Electric Field vs Magnetic Field
Electric field and magnetic field are invisible lines of forces generated by phenomenon such as Earth’s magnetism, thunderstorms and the use of electricity. It is possible to have one without the other but normally, electric field is there when magnetic field is created. Electromagnetism is that part of Physics that studies electric fields and magnetic fields.

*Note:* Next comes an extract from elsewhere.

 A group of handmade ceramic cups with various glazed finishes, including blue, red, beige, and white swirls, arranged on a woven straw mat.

An area surrounding an electrically charged particle is called its electric field and this field exerts a force on other charged particles. The electric field has both quantity and direction and as such is a vector quantity. It is expressed in Newtons per Coulomb (N/C). The magnitude of any electric field at any point is the force it exerts on a positive charge of 1C at that point where the direction of the force decides the direction of the field. We say that there is an electric field in some area around moving charged particles. Particles that are not electrically charged do not produce any electric field. If there is a uniform electric field, electrically charged particles will move uniformly along the direction of the field, while neutral particles will not.

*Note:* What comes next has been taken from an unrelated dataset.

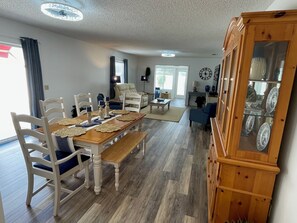 A dining area with a wooden table, white chairs, and a blue sofa.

An electrically charged and moving particle not only has an electric field in its surrounding are, it also has magnetic field. Despite being separate entities, they are closely associated with each other. This has given rise to an entire field of study known as electromagnetism. Moving charges having an electric field tend to produce an electric current. Whenever there is an electric current we can assume that there is a magnetic field present. There are two separate but related fields that are referred to as a magnetic field. Like electric field, magnetic field also is a vector quantity. The force that a magnetic field exerts on moving charged particles is expressed in terms of Lorentz force.
The relationship between electric and magnetic fields is expressed using Maxwell’s equations. James Clark Maxwell was the physicist who developed equations to explain electric and magnetic fields.

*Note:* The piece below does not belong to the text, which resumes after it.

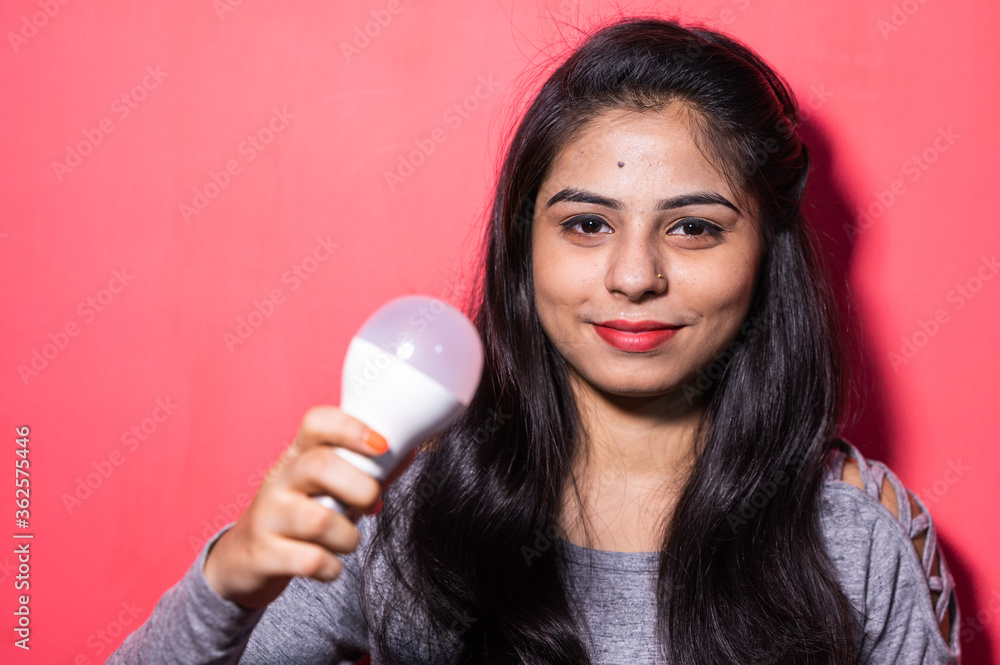 Pretty young woman holding a luminous led light bulb. Green energy , saving of energy with led bulb. Pretty young woman holding a luminous led light bulb. Green energy , saving of energy with led bulb.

Electric and magnetic fields oscillate at right angles to one another. It is possible to have electric field without a magnetic field, such as in static electricity. Similarly, it is possible to have magnetic field without an electric field as in the case of a permanent magnet.
• Electric and magnetic fields are studied in a field of study of physics known as electromagnetism.
• Both are separate entities but closely related to each other.
• Electric field is the area surrounding a moving electrically charged particle which also produces a magnetic field.
• The relationship between electric and magnetic fields is expressed using Maxwell’s equations.
• Electric and magnetic fields are perpendicular to each other.